前回はUXリサーチルームのご紹介をさせていただきました。
今回はUXアプローチができるデザインチームをこれまで3回ほど0から立ち上げた経験がありますので備忘録としてもまとめていきたいと思います。
当初社内では『UX』という言葉が一人歩きしアカデミックなイメージやUI=UXであるという誤認識が蔓延
当初社内で起きていた課題は、UI/UXという表記からUI=UXと覚えてしまっていたり、
それぞれのプロジェクト関係者が『ユーザー』と向き合っていたが、主観的なイメージで語られていたり、同じユーザーという言葉が異なるターゲットを指していることがあり議論がズレてしまうこともることもありました。
よって、UXデザインのプロセスとアプローチを正しく、素早く理解してもらえるよう、社内でのコミュニケーションに取り組み始めました。

UXアプローチを意識するためにはお客様の行動を目撃&観察!そこでプロジェクトメンバーにアハ体験するのが早い
UXを理解するために一番早いのはカスタマーの課題をその場で「目撃」し「観察」する!が一番であり基本。そのうえでプロジェクトメンバーやキーパーソンにどのようになるほど!といった良い気づき(アハ体験)を得るような場を作るかを考えました。
「どうせそんなこと言ってもリサーチルームなんて無いし・・・」
リサーチルームがなければUXアプローチやユーザーリサーチができない!というわけではありません。
リサーチ環境でお悩みの方は以下のように準備してみてはいかがでしょうか?

やってみなければ何も始まらないしプロジェクトメンバーにアハ体験も客観的にサービスを見て振り返り改善することもできません。
導入初期は簡易リサーチでもよいのでやってみてください。必ず「気づき」はあります。
リサーチ対象者のセグメントは重要!すぐにリクルーティングできる環境を作るには?
導入当初はユーザーを呼ぶにしてもどうやったらよいかわからない。呼ぶだけでも費用がウン十~ウン百万円かかるしユーザビリティリサーチを初めて行うにしてもコストを捻出するにも難しいことが多いと思います。
結論から申し上げると「社員Pool」を作ることを検討してみてはどうか?
利点として社員であればミーティングとして来てもらいユーザーリサーチを行えば費用もかかりませんので即座にできPDCAがまわしやすいところです。
社員Poolを作る上で、属性データ(男女、年齢、サービス理解、サービスをやったことがあるか?リサーチ参加の有無等)のアンケートに答えてもらい社員Pool DB化を行います。その社員Pool DBからリサーチを行う該当サービスの対象となるユーザー方にかなり近い方をリクルーティングしリサーチ参加スケジュールを確認、返答をしてもらい参加してもらいます。
特に社員Pool DBに是非とも参加してもらいたい部署のターゲットは「人事」「総務」「経理」などの制作に関係のない部署のほうが制作者に対しての変なバイアスがなく良いと思います。

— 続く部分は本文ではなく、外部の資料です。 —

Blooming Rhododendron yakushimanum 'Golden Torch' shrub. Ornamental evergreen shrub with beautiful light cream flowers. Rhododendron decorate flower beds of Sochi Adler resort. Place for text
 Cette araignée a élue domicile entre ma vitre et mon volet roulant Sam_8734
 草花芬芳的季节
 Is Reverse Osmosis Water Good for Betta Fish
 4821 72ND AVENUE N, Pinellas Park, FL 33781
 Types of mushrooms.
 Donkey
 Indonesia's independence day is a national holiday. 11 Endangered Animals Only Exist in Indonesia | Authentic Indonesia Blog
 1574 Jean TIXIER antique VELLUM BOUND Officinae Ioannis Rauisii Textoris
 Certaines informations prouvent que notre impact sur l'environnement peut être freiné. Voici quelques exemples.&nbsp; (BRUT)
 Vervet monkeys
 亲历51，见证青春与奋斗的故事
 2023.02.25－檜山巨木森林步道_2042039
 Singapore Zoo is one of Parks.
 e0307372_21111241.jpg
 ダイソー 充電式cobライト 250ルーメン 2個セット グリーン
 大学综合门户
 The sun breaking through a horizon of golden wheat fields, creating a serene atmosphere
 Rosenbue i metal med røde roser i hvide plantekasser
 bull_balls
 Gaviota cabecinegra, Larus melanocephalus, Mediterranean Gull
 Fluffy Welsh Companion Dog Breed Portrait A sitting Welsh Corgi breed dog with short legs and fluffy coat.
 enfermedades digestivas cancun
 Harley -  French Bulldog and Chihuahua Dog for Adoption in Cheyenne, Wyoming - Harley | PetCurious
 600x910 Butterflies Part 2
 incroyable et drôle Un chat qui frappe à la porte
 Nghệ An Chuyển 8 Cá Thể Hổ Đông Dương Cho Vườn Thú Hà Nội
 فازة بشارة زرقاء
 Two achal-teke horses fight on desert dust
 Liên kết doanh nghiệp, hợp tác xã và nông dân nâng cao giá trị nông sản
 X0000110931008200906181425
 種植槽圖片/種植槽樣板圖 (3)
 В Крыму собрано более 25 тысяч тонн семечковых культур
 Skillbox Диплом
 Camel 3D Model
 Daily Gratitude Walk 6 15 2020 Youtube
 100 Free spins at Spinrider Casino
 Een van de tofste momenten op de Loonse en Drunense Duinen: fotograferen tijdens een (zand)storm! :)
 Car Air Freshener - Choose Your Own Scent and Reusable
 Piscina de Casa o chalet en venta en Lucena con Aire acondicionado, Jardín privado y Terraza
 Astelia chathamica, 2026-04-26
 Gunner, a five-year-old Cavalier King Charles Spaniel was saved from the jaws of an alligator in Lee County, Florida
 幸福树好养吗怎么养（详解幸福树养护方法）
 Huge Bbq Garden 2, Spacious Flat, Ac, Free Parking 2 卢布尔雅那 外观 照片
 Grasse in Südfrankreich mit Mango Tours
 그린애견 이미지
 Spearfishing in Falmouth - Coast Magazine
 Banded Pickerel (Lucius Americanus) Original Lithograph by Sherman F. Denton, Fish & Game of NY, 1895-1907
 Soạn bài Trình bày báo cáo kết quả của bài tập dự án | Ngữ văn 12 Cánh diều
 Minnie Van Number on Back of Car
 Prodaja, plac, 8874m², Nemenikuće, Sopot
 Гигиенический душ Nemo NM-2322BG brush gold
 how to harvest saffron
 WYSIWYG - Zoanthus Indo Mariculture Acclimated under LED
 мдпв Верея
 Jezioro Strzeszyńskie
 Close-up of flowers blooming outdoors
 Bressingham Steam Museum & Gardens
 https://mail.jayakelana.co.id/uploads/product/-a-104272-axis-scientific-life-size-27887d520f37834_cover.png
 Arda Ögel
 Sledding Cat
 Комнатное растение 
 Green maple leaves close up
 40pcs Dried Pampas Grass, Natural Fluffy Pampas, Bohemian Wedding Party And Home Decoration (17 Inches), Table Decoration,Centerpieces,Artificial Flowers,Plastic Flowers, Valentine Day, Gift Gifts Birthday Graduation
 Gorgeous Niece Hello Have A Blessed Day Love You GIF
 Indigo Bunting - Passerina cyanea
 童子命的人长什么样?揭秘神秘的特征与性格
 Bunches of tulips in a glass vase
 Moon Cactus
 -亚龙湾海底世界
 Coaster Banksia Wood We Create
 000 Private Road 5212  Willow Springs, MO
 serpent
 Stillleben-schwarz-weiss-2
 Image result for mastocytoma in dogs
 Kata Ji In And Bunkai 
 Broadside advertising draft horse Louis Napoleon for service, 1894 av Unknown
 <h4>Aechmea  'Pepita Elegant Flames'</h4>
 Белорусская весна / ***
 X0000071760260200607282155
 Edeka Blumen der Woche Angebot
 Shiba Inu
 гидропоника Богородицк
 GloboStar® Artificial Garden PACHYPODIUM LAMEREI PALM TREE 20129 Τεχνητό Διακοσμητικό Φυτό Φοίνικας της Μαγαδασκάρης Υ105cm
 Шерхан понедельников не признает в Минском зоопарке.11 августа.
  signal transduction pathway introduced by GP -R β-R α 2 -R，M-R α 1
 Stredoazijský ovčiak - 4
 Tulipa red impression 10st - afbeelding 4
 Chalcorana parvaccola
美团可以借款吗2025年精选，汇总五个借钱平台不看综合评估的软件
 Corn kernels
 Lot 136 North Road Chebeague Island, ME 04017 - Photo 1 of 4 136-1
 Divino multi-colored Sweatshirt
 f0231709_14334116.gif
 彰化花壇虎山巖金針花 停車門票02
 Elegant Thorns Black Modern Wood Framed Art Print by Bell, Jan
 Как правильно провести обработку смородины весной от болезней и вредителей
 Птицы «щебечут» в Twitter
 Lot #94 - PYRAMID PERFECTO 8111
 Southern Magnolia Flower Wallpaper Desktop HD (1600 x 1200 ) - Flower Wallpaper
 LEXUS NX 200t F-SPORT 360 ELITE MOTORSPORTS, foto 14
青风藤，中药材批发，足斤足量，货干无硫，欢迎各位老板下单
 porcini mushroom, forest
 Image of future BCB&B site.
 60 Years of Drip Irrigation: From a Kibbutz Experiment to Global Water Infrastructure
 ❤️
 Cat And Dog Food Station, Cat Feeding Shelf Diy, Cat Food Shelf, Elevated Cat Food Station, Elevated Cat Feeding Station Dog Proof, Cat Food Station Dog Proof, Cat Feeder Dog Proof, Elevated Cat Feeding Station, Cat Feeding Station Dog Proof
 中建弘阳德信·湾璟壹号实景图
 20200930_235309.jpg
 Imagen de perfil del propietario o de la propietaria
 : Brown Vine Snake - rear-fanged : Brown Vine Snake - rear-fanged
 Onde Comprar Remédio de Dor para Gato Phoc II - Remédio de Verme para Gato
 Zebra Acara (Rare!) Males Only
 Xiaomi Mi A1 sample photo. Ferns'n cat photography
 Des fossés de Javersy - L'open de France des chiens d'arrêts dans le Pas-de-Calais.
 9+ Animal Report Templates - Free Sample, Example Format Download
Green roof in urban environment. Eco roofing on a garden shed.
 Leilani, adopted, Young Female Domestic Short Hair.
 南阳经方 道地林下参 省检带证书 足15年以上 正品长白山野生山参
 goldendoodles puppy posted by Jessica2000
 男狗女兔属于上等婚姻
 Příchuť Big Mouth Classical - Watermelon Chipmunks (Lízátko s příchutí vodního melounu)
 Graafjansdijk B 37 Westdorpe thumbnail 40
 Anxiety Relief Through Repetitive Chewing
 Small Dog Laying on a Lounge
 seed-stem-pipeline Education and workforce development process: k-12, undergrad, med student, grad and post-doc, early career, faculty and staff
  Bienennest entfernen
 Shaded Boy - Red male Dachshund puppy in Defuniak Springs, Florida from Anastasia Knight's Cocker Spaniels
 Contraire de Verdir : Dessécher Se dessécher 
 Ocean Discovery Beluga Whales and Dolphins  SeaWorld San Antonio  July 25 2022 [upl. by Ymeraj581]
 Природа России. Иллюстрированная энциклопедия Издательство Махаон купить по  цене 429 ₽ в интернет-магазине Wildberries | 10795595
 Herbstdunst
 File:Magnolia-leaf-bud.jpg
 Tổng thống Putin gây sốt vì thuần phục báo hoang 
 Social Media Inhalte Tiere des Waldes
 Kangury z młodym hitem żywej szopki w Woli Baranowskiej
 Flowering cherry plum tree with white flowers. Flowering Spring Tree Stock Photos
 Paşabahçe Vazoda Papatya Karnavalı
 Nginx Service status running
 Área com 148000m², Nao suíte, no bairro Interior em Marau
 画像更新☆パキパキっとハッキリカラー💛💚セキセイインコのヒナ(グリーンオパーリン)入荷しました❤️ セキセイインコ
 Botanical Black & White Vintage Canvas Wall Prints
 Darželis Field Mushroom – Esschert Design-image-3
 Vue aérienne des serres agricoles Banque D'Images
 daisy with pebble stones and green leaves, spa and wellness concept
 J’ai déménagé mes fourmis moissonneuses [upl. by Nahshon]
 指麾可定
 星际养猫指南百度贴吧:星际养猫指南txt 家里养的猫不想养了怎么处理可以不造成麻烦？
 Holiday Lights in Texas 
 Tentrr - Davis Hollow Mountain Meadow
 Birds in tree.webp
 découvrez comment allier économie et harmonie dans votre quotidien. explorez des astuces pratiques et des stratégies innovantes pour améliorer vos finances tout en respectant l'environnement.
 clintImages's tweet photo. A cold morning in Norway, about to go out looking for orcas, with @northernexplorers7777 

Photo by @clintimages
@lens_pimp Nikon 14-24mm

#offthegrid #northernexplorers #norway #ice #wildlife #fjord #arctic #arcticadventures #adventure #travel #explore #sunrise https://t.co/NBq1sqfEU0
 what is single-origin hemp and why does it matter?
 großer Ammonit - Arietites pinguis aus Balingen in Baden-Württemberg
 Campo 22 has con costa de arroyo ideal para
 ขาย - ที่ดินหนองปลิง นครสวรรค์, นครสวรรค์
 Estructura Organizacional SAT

今までの社員参加者へのアンケートでも98%以上が「参加してよかった。」「他の案件にかかわることがなくいう機会がないのでうれしかった。」などポジティブな意見も多くいただくことができました。
社員でのリサーチは認知や行動を観察!誤操作や誤認知を観察から目撃しピックアップ!
しかし社員なので「リサーチ精度」はどうなるのか?
少なからずサービスを知っているのだから正確なインサイトは取れないというのが心配になると思います。
僕もよくその疑問をその時の上司から聞かれました。その場合、プロジェクトメンバーが利用導線文脈のシナリオから課題仮説タスクを作成し、リサーチ対象者にタスクをこなしてもらいます。その時、「どのようにユーザインタフェースを利用行動しているか?」、「ご認知はどこか?」「誤操作しているところはどこか?」の観察を中心におこないます。
注意点として、リサーチ対象者が発話する「バリューに関わるインサイト部分」はあまり参考にしないことを前提とします。認知や行動であればそこまでユーザーとの差は少なくバリューに対してのインサイトは社員であればかなりバイアスがかかるので参考にしないほうが良いと考えます。
特にリリース前などプロダクトであれば社員であれば秘密保持もされることはもちろん、即座にリーン的に回すこともできます。

リサーチというのはすごく難しいものととらえてしまいがちです。ただ、しないよりはした方が絶対的に気づきは多いはずです。この行動を繰り返すことでサービス精度も必ず上がりますので是非とも実行してみてください。